- About this task
What is needed is an exact copy of the lines from the one containing "19. Pantalón Azul" through the last line of the records below, with no pictures.

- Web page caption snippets
#####

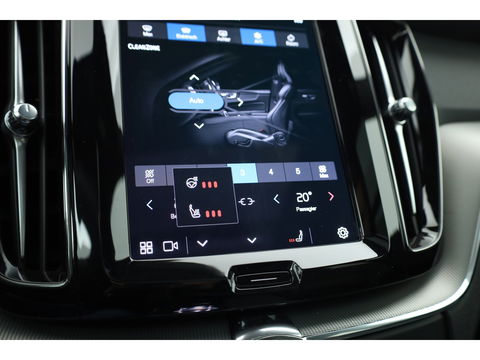 Volvo XC60 2.0 T6 Plug-in hybrid AWD Plus Bright | Pano-dak | H&K Audio | stoel + stuurverwarming |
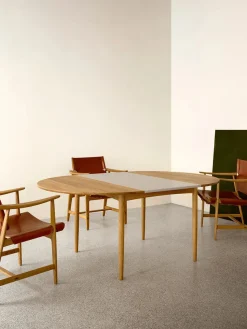 BM0121 Spisebord, sæbebehandlet eg af Børge Mogensen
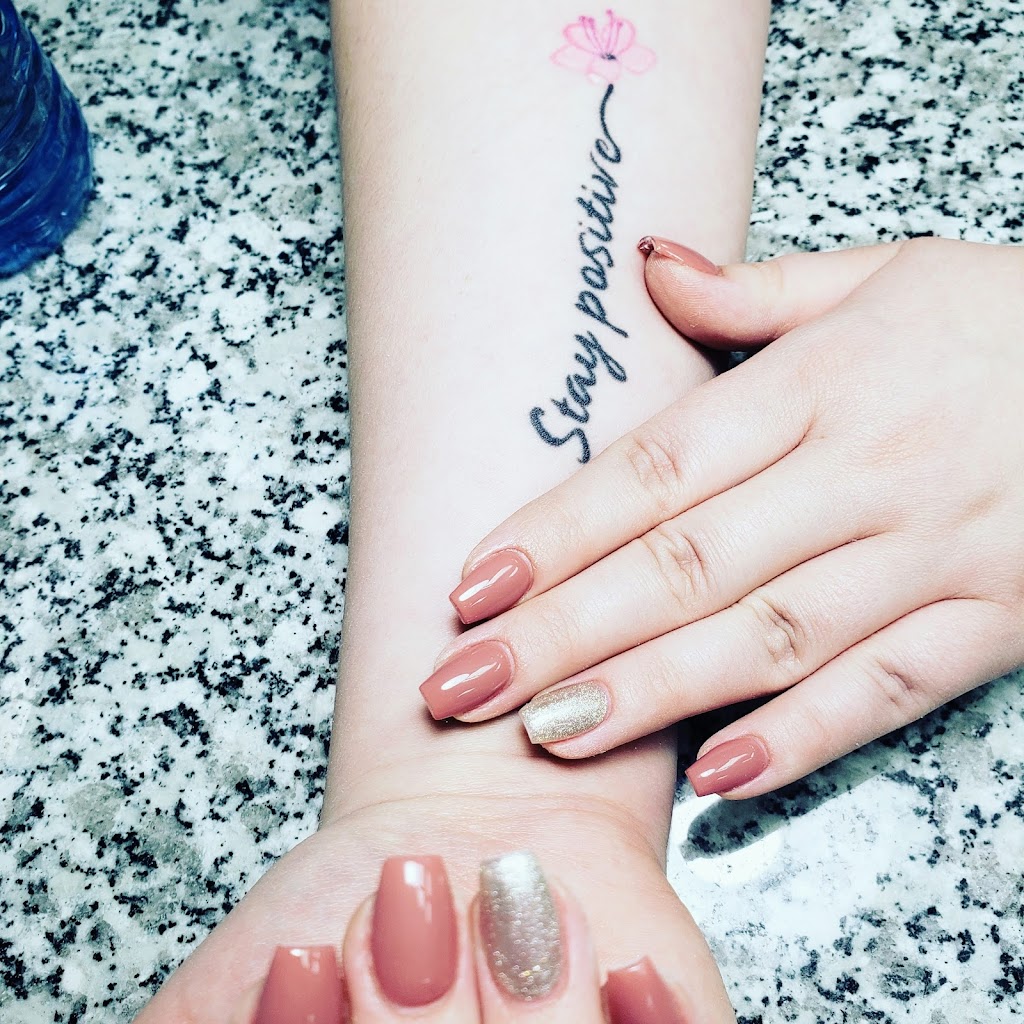 JESSICAS NAILS SPA | 34 Edgedale Dr NW #8A, Calgary, AB T3A 2R4, Canada | Phone: (403) 547-8889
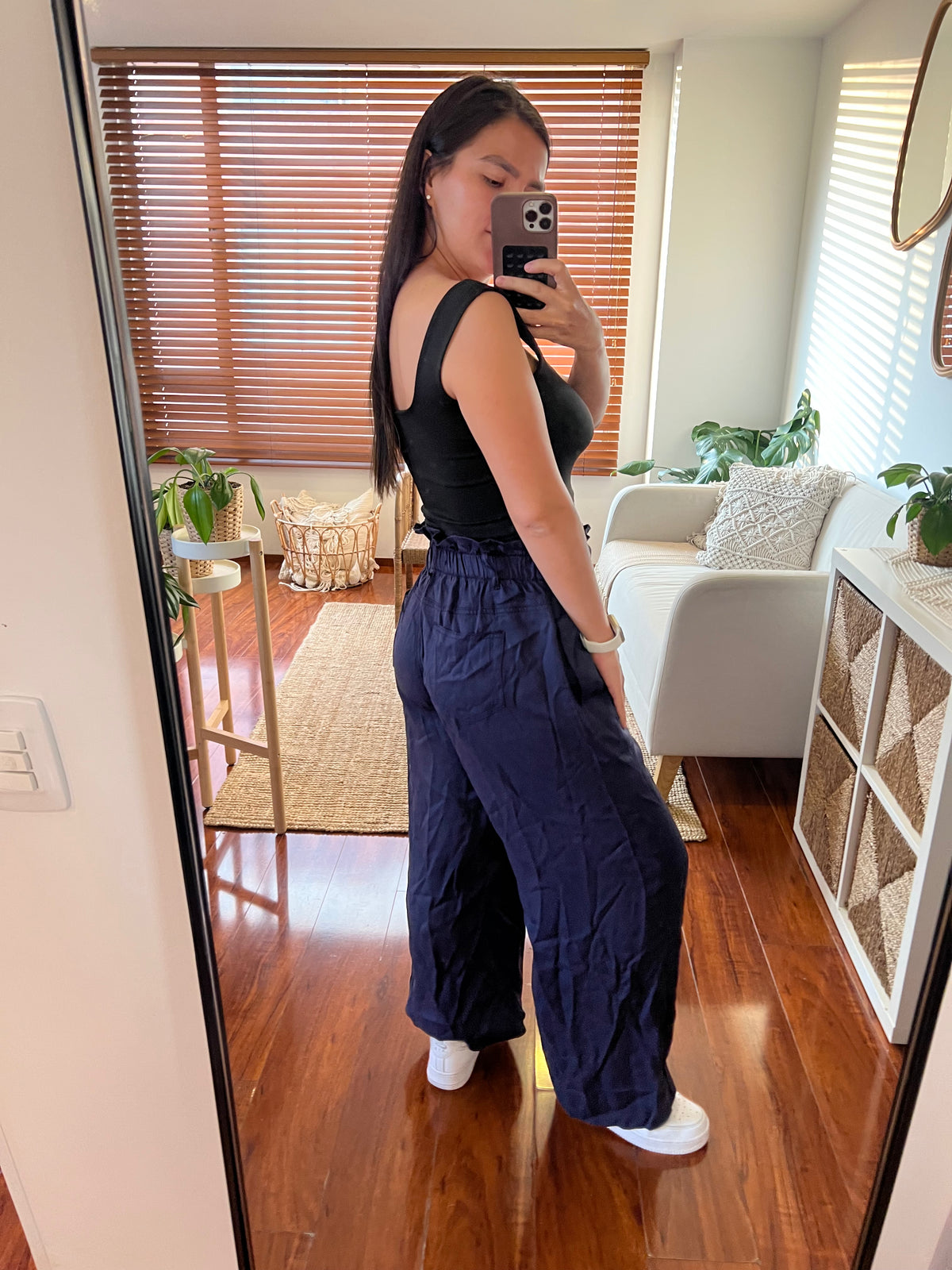 19. Pantalón Azul Noche Spirito Nuevo Colombiano Look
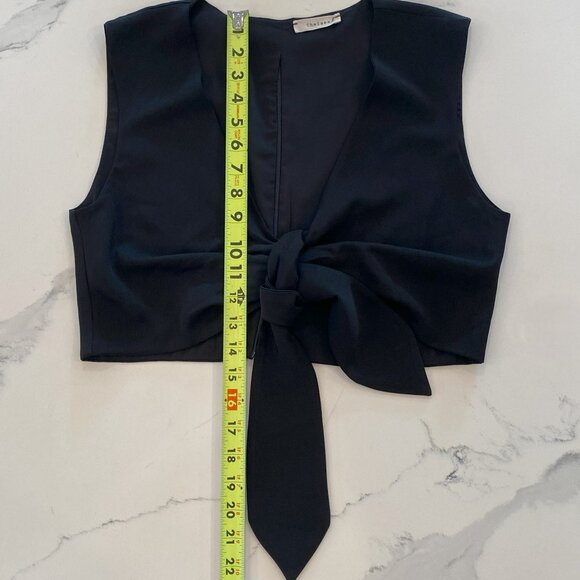 Chelsea - 90s vibes, Tie-knot, Zipper back, Sleeveless, Black Top - Size M - Picture 7 of 9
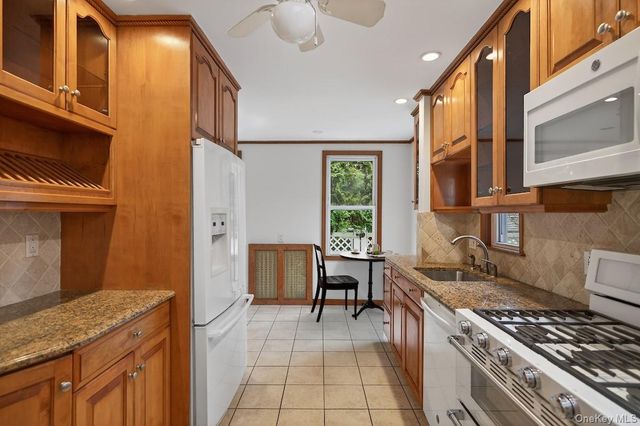 30 Blanchard Avenue, Dobbs Ferry, NY 10522
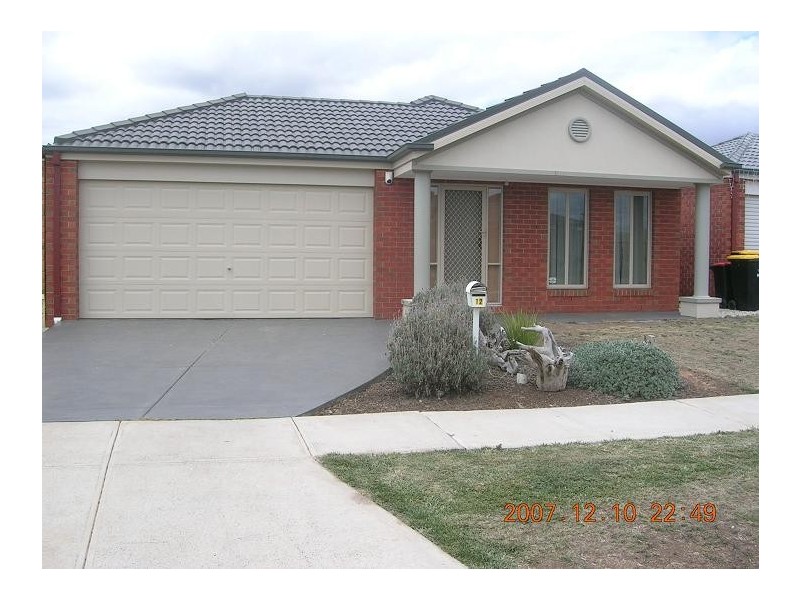 12 Sunderland Way, Melton West VIC 3337
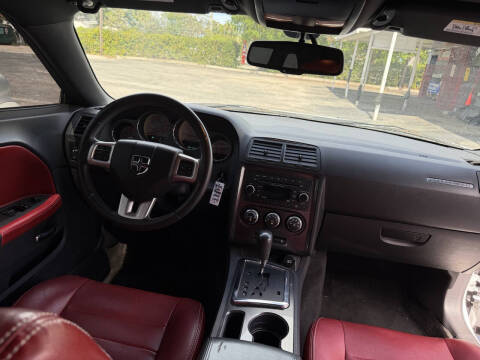 2013 Dodge Challenger SXT Plus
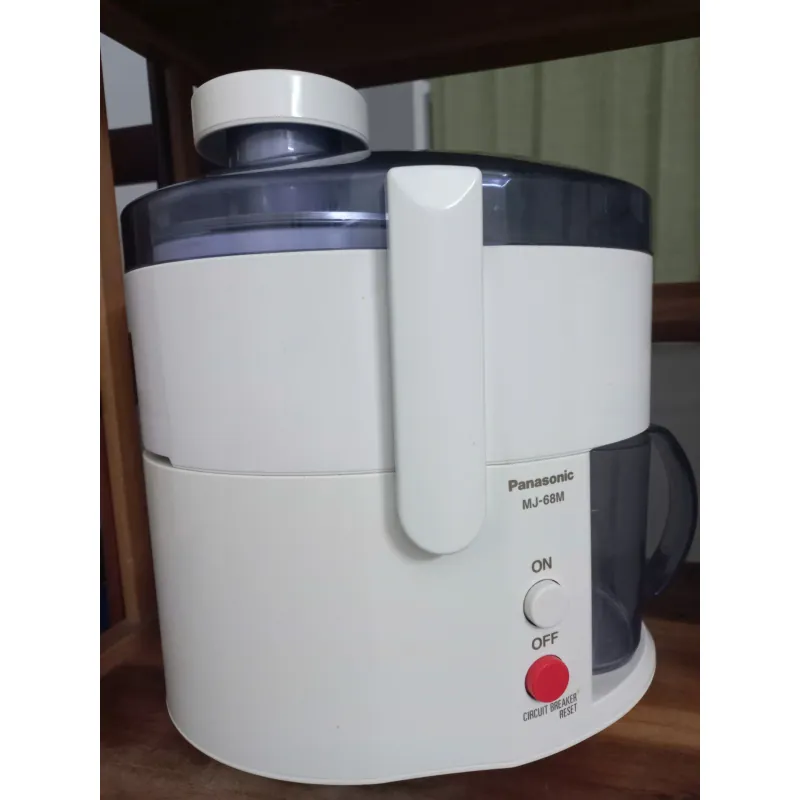 Máy ép trái cây Panasonic MJ-68MWRA - Hàng chính hãng 381457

#####

- Task answer
 19. Pantalón Azul Noche Spirito Nuevo Colombiano Look
 Chelsea - 90s vibes, Tie-knot, Zipper back, Sleeveless, Black Top - Size M - Picture 7 of 9
 30 Blanchard Avenue, Dobbs Ferry, NY 10522
 12 Sunderland Way, Melton West VIC 3337
 2013 Dodge Challenger SXT Plus
 Máy ép trái cây Panasonic MJ-68MWRA - Hàng chính hãng 381457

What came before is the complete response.